# TASK TO CARRY OUT
Nothing should appear in the answer except the line containing "Veterinary Psychopharmacology. Edition" and the lines following it through the end of the listing, each given exactly.

↓↓↓

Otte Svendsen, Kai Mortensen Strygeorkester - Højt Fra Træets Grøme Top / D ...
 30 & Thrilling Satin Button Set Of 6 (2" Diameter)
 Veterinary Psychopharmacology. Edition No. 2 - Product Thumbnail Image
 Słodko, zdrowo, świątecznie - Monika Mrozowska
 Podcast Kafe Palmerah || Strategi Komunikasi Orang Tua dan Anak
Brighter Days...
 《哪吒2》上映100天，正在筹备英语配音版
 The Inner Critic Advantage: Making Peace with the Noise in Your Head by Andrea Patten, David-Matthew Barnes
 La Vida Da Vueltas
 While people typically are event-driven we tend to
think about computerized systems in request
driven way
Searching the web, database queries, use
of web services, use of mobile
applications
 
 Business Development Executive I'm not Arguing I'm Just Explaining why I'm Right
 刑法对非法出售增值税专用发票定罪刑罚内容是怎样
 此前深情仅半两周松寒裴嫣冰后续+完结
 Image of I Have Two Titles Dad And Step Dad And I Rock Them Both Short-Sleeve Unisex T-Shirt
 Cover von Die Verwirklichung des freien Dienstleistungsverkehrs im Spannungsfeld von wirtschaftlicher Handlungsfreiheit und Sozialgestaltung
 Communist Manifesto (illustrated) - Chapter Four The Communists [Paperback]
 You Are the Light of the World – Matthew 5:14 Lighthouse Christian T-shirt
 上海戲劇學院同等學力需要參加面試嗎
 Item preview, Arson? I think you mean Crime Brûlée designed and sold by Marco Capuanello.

↑↑↑

# YOUR RESPONSE
 Veterinary Psychopharmacology. Edition No. 2 - Product Thumbnail Image
 Słodko, zdrowo, świątecznie - Monika Mrozowska
 Podcast Kafe Palmerah || Strategi Komunikasi Orang Tua dan Anak
Brighter Days...
 《哪吒2》上映100天，正在筹备英语配音版
 The Inner Critic Advantage: Making Peace with the Noise in Your Head by Andrea Patten, David-Matthew Barnes
 La Vida Da Vueltas
 While people typically are event-driven we tend to
think about computerized systems in request
driven way
Searching the web, database queries, use
of web services, use of mobile
applications
 
 Business Development Executive I'm not Arguing I'm Just Explaining why I'm Right
 刑法对非法出售增值税专用发票定罪刑罚内容是怎样
 此前深情仅半两周松寒裴嫣冰后续+完结
 Image of I Have Two Titles Dad And Step Dad And I Rock Them Both Short-Sleeve Unisex T-Shirt
 Cover von Die Verwirklichung des freien Dienstleistungsverkehrs im Spannungsfeld von wirtschaftlicher Handlungsfreiheit und Sozialgestaltung
 Communist Manifesto (illustrated) - Chapter Four The Communists [Paperback]
 You Are the Light of the World – Matthew 5:14 Lighthouse Christian T-shirt
 上海戲劇學院同等學力需要參加面試嗎
 Item preview, Arson? I think you mean Crime Brûlée designed and sold by Marco Capuanello.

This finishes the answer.